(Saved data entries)
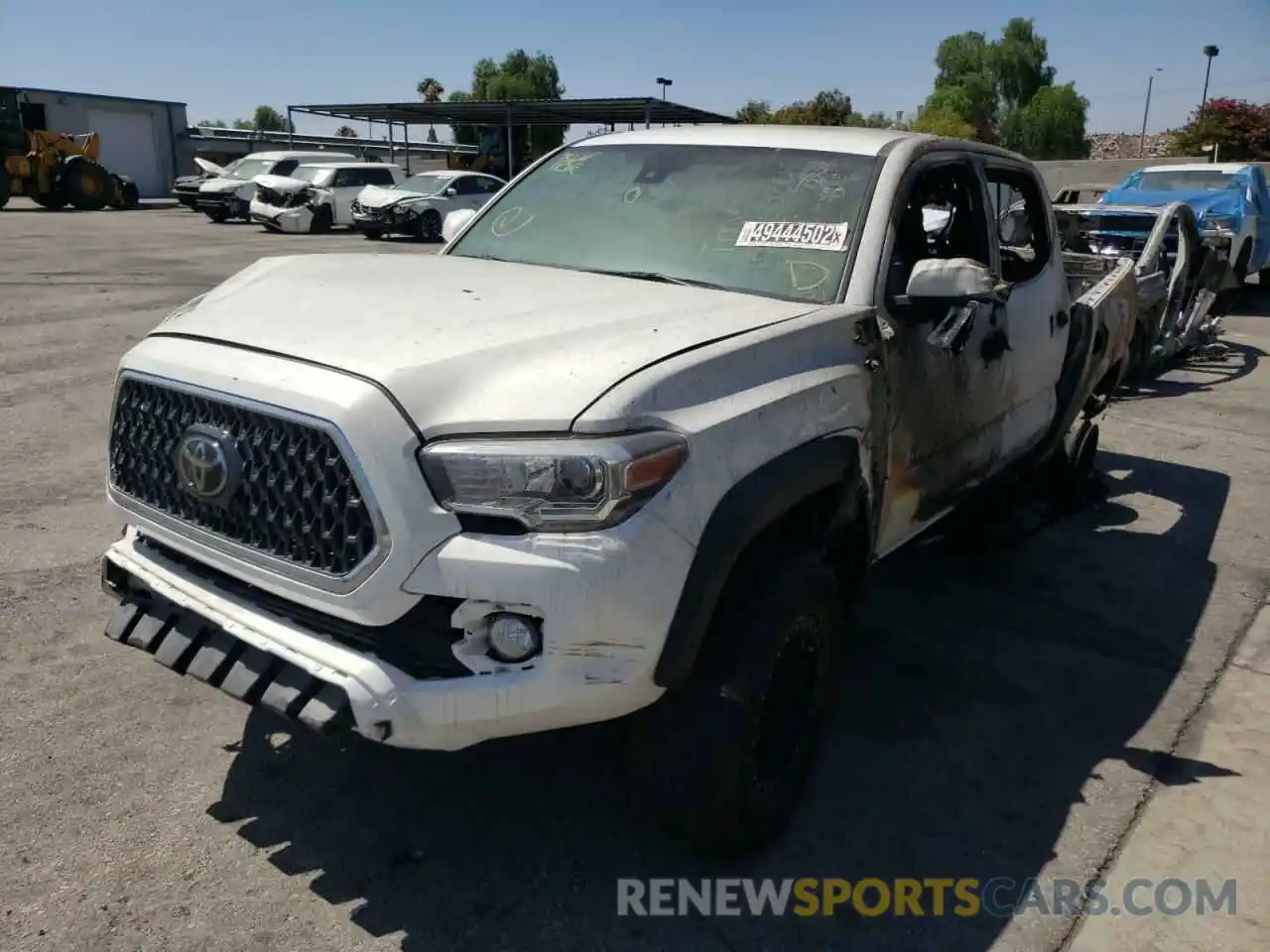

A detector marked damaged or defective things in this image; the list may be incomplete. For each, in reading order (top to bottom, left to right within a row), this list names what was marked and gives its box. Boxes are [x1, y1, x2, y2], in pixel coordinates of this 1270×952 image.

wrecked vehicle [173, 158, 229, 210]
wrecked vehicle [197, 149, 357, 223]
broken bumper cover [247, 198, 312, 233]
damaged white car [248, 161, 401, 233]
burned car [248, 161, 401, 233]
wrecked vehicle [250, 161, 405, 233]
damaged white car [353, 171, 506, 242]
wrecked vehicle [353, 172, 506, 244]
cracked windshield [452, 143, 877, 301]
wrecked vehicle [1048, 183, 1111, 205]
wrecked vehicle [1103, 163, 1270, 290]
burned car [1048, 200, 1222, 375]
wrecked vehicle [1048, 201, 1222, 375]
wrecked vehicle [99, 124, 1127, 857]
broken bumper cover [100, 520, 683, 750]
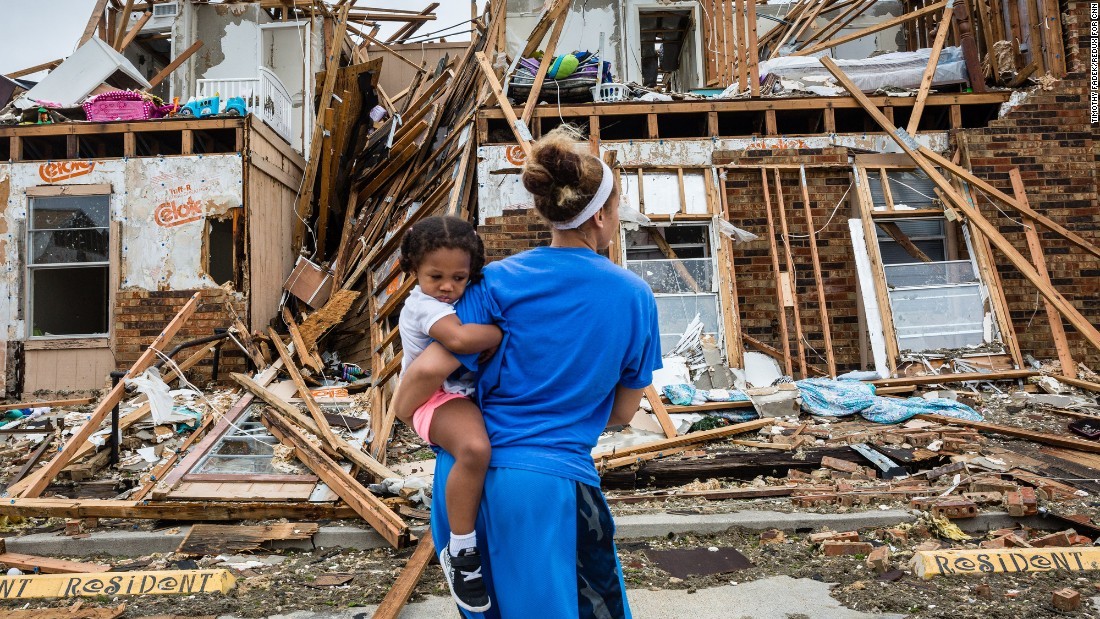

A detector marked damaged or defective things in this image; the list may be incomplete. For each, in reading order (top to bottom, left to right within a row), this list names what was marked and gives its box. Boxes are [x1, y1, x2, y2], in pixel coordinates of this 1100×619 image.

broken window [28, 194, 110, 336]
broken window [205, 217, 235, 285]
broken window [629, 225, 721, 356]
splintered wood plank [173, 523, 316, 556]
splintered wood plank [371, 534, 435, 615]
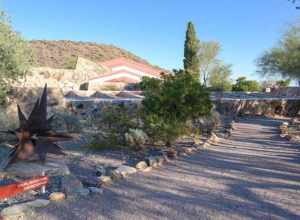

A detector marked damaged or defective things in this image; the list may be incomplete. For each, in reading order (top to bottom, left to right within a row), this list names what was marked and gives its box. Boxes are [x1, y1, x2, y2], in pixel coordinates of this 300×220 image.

What to work on: Write each entry again exactly, minus any images.

Result for this task:
A detector marked damaged or defective things in this image; the list may be incomplete. For each, in reading order (top to bottom, left to right within a row), this list names what was marked and gives its box. Boxes are [x1, y1, x2, y2], in pixel coordinates of this 1270×952 image.

wrecked vehicle [173, 158, 229, 210]
wrecked vehicle [197, 149, 357, 223]
broken bumper cover [247, 198, 312, 233]
damaged white car [248, 161, 401, 233]
burned car [248, 161, 401, 233]
wrecked vehicle [250, 161, 405, 233]
damaged white car [353, 171, 506, 242]
wrecked vehicle [353, 172, 506, 244]
cracked windshield [452, 143, 877, 301]
wrecked vehicle [1048, 183, 1111, 205]
wrecked vehicle [1103, 163, 1270, 290]
burned car [1048, 200, 1222, 375]
wrecked vehicle [1048, 201, 1222, 375]
wrecked vehicle [99, 124, 1127, 857]
broken bumper cover [100, 520, 683, 750]

A detector marked damaged or defective things in this image; the list may be incomplete. For each, in reading order (top to bottom, left to right within a row), this list names what was marked and gives its box. Boxes are [x1, y1, x2, y2], in pixel coordinates of this 1100×619 image.

broken window [28, 194, 110, 336]
broken window [205, 217, 235, 285]
broken window [629, 225, 721, 356]
splintered wood plank [173, 523, 316, 556]
splintered wood plank [371, 534, 435, 615]

A detector marked damaged or defective things in this image; the list may be incomplete. For each, in reading order (top to bottom, left to right within a row), this list names what was marked and gives its box. Boxes are [x1, y1, x2, y2], in pixel coordinates of this 300×220 image.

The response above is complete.